Saya lolos dari kekerasan aparat. Dan langsung menghadap
Mas Hari Zamharir di kantor cabang. Ia tak marah atas ‘kelakuan’ kawan-kawan dan
saya yang membuat IAIN menderita, dan juga banyak bicara, dan hanya menyuruh saya segera pergi jauh-jauh, karena sedang dicari-cari intel, supaya kantor cabang tidak
pula menjadi sasaran kebuasan mereka nanti. Dan memang sebelumnya beberapa intel sudah mendatangi
sekretariat dan menanyakan beberapa aktivis HMI.
Akhirnya, saya berjalan kaki lewat belakang kampus dan
keluar di Kebayoran lama dan terus kembali ke
rumah pak Alimurni Chatib di Bendungan Hilir, yang kemudian langsung ‘menyembunyikan’ saya di rumah apak Lukman Hakim (salah seorang Direktur PT National Gobel) dan elok Im di
Rawamangun. Saya kemudian menderita semacam sakit
kulit yang sangat perih, dan sempat beberapa hari dirawat di RSCM; kata dokter
karena stress berat. Setelah keluar dari sumahsakit, berkat pertolongan Kapendam V Jaya, Kol Anas Malik yang dihubungi pak Alimurni Chatib, saya ‘hanya’
terkena wajib lapor setiap Senin dan Kamis selama tiga bulan di Markas POM
ABRI, Guntur, Pasar Rumput, Jakarta Pusat.
Lalu, ketika kampus IAIN kembali normal dan pengurusan HMI
Cabang Ciputat berganti; pada masa Ketua Umum, Kurniawan Zulkarnain (1979-80), saya diangkat sebagai Ketua III yang
menangani urusan kemahasiswaan.
Pergulatan Ekstra-Intra Kampus
Periode kepemimpinan Kurniawan juga sangat sulit.
Menghadapi gerakan mahasiswa, Mendiknas Daoed Joesoef memaksakan konsep
Normalisasi Kehidupan Kampus/Badan Kordinasi Kemahasiswaan (NKK/BKK).
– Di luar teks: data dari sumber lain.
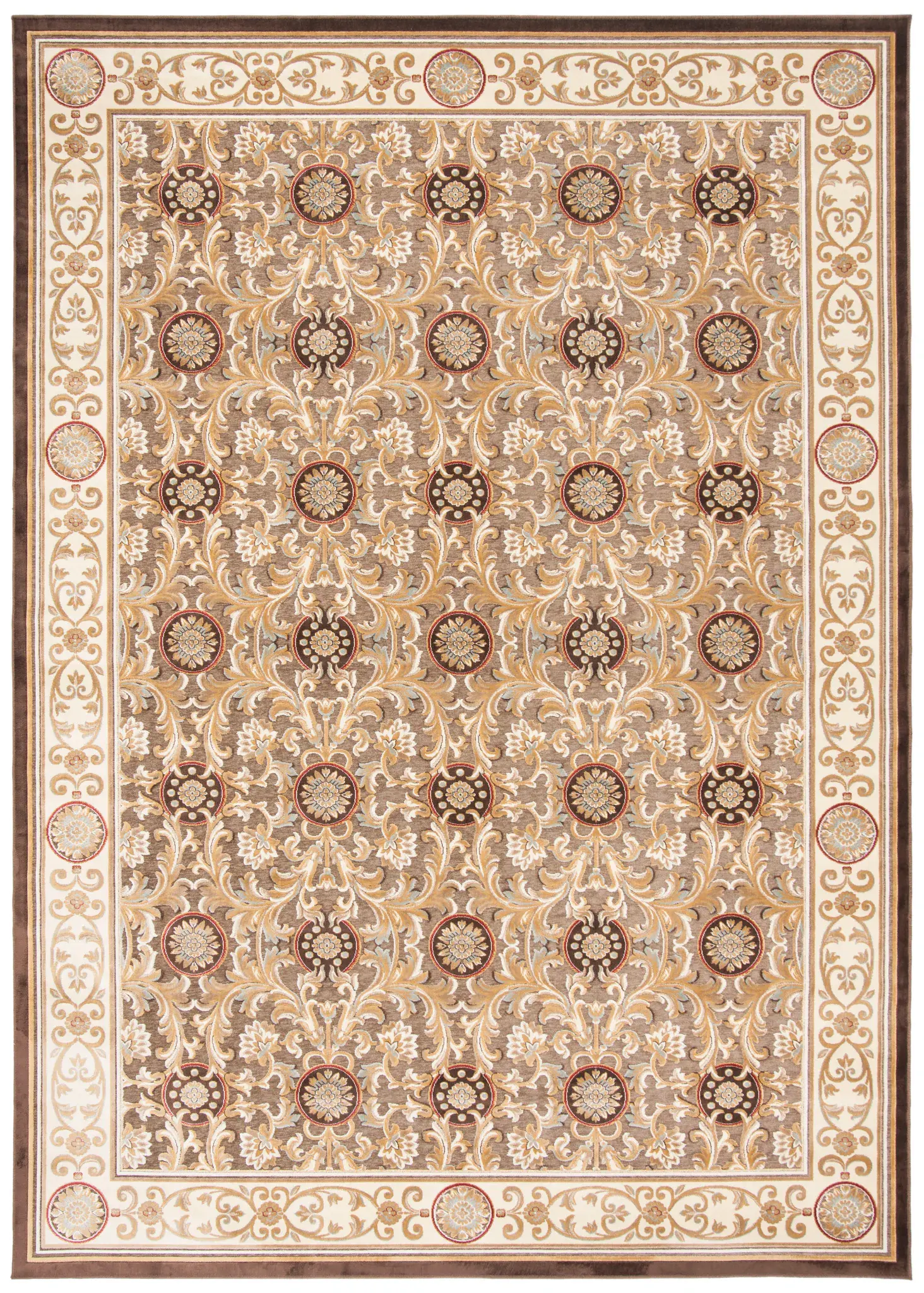 Paradise Bordered Floral Vine Rug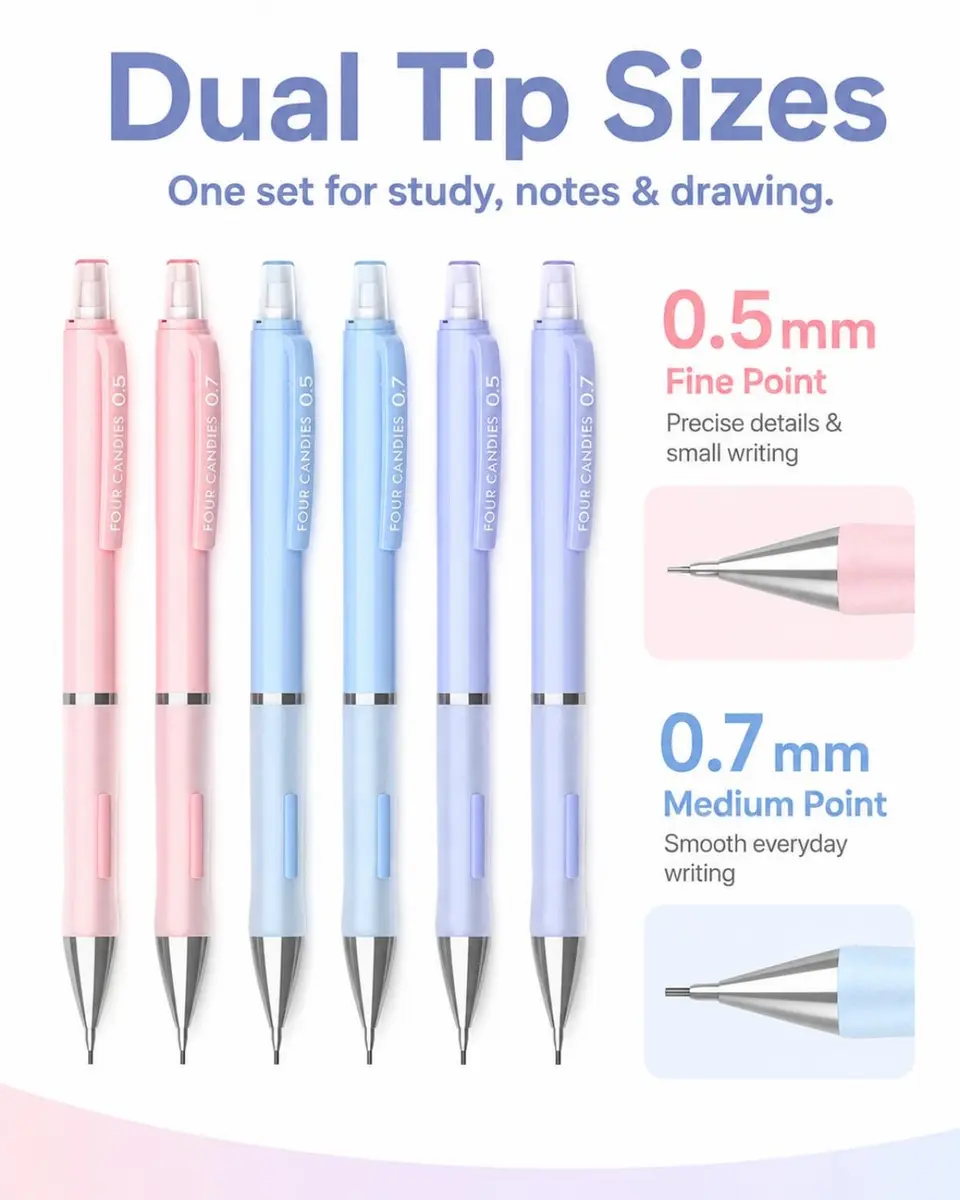 Four Candies Pastel Mechanical Pencil Set with Case, 6 Count (0.5mm & 0.7mm Lead) | Smooth Writing & Erasable - view 2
BKK
dipimpin PR III Drs. M. Hisyam Zaini (almarhum) yang dilengkapi wakil-wakil
mahasiswa. Juga ada Badan Pertimbangan Mahasiswa (BPM) yang ketuanya adalah
senior saya setahun Abuddin Nata. Dengan pemberlakuan konsep ini, ia
membubarkan Dewan Mahasiswa, dan hanya menyisakan Senat Mahasiswa. Saya
kemudian terpilih sebagai Ketua Umum Senat Mahasiswa Fakultas Tarbiyah
(1980-1983) dengan Sekjen Rusydy Zakaria; di antara beberapa Ketua adalah Surya
Dharma Ali yang kemudian menjadi Ketua Umum PMII Cabang Ciputat –yang kini adalah Ketua Umum PPP dan Menteri Agama RI (Kabinet
SBY-Beoediono).
Tidak banyak hal yang bisa saya lakukan di organisasi
intra. Rektor Prof Harun Nasution sendiri berusaha keras memulihkan kembali
kehidupan kampus –menghilangkan kecurigaan rejim Orba.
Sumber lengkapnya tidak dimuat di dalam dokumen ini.